Another question the PDF is showing up when added via CIFS, correct? I am wondering if it is a permission or user issue. is CIFS working in other situations for other operations? 

Hello,

A network folder is configured in the network scanner. This network folder is a folder within Alfresco. The scanner sends the pdf via the CIFS interface to Alfresco. So we can say that the document is pushed by the scanner to Alfresco.

Alfresco receives the document, then the document can be read by the user by using the share interface but the metadata doesn't show up when the user performs a search (by using the share interface).

Surprisingly, if the user downloads the same pdf file to the workstation (with share interface) and then uploads  the same file (with share interface), the metadata shows up during search.

Thank you for your help.

Best regards.

Thank you all for your time.

I'd like to close this issue because of this:

CIFS doesn't work as I would like and I found that it will be removed:
https://hub.alfresco.com/t5/alfresco-content-services-blog/architecture-changes-for-alfresco-content...

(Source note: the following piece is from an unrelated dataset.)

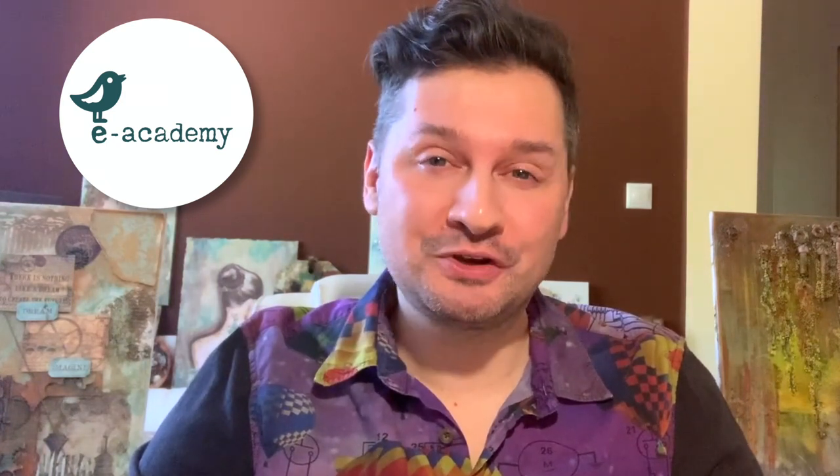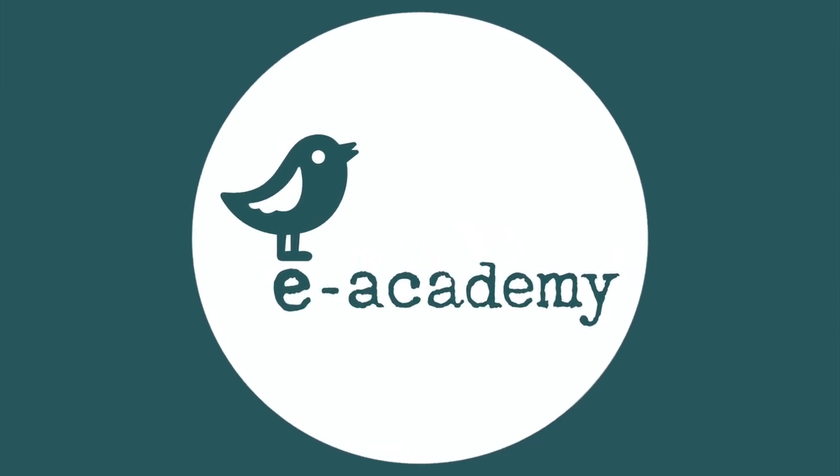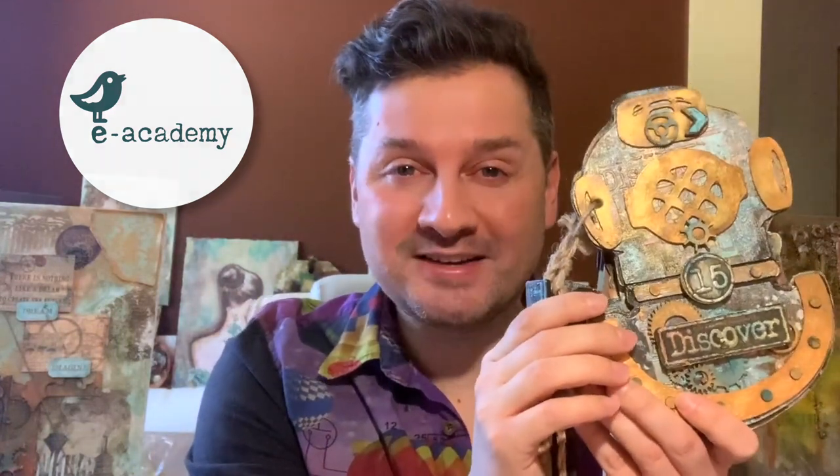Hi ladies, how are you? I'm Radovan and I am in my studio in Slovakia. Today I want to show you my new original project — this Steampunk Diver album.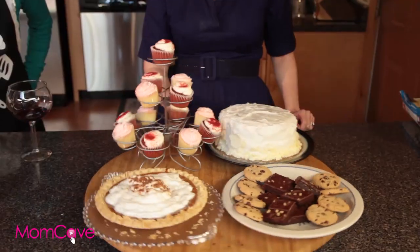We're going to show you how to turn this into something that looks like you made it. Welcome to the Slacker Mom's Guide to Baking.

I just switched to Alfresco 6.1 by using this https://github.com/Alfresco/alfresco-docker-installer

Then I configured the good old FTP interface. FTP just works like a charm, I just added this in JAVA_OPTS of docker-compose.yml:
-Dftp.enabled=true
-Dftp.port=2121

added port to alfresco service:

  • 21:2121 #ftp

edited alfresco/Dockerfile and added this line at the bottom:
EXPOSE 2121

I ahd to use ACTIVE communication mode in the client in order to connect to Alfresco.

The files received by Alfresco are readable AND metadat is searchable with the share interface. All right.